[Scraped caption text data]
* * * *
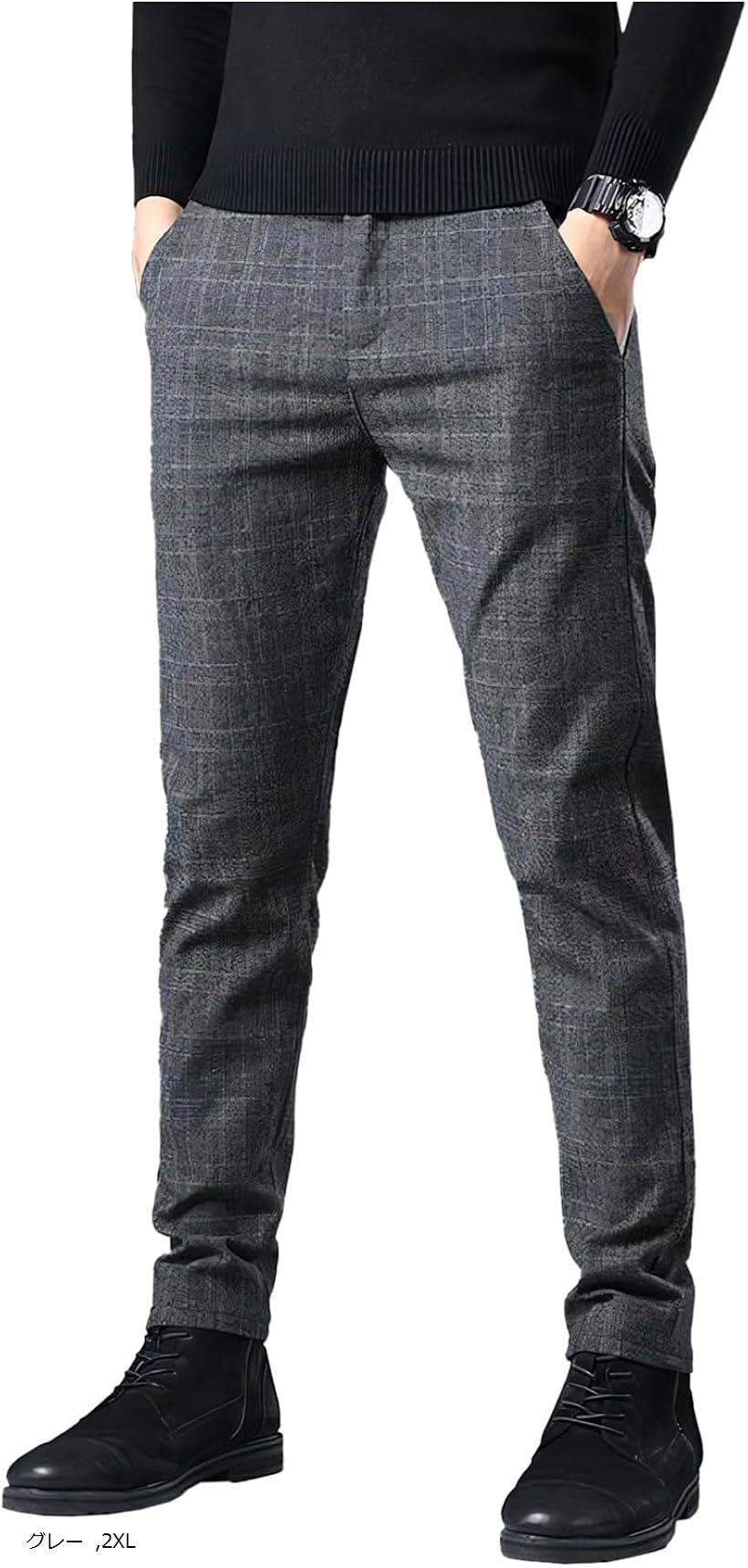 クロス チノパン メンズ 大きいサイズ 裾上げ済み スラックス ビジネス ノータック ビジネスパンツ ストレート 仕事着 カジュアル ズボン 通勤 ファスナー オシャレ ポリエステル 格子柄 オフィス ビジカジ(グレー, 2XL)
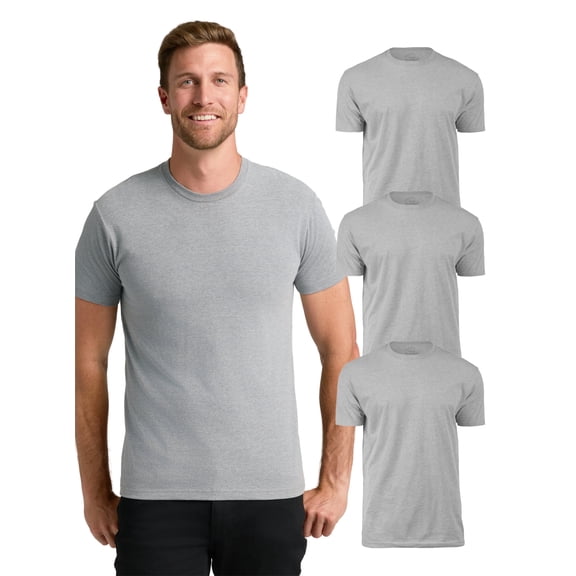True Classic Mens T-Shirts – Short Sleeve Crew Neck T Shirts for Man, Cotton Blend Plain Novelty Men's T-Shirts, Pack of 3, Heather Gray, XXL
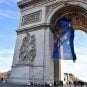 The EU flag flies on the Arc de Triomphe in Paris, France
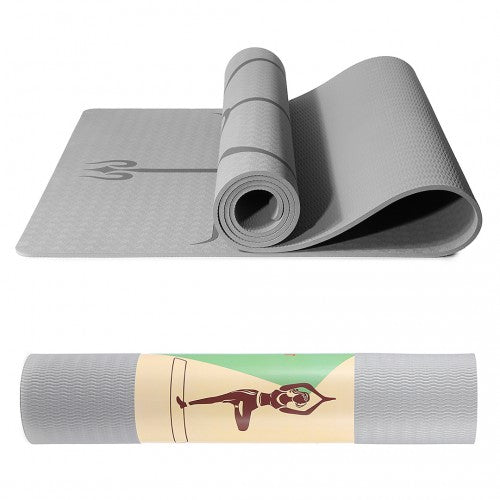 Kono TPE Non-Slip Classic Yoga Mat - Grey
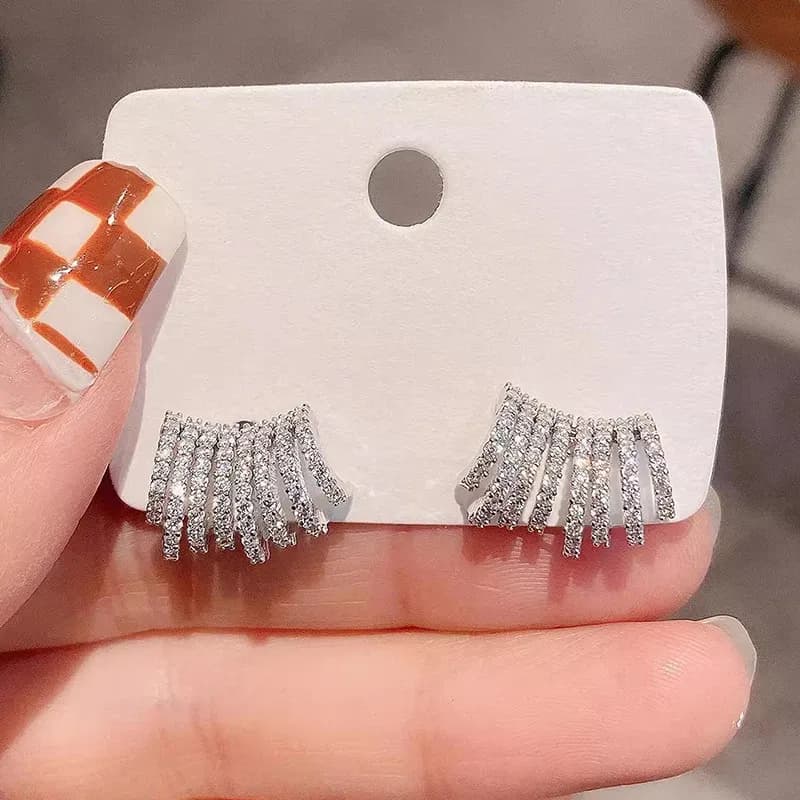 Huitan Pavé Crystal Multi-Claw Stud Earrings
* * * *
### What the task requires
With the images excluded, all entries are to be given again exactly.

### Expected answer
 クロス チノパン メンズ 大きいサイズ 裾上げ済み スラックス ビジネス ノータック ビジネスパンツ ストレート 仕事着 カジュアル ズボン 通勤 ファスナー オシャレ ポリエステル 格子柄 オフィス ビジカジ(グレー, 2XL)
True Classic Mens T-Shirts – Short Sleeve Crew Neck T Shirts for Man, Cotton Blend Plain Novelty Men's T-Shirts, Pack of 3, Heather Gray, XXL
 The EU flag flies on the Arc de Triomphe in Paris, France
 Kono TPE Non-Slip Classic Yoga Mat - Grey
 Huitan Pavé Crystal Multi-Claw Stud Earrings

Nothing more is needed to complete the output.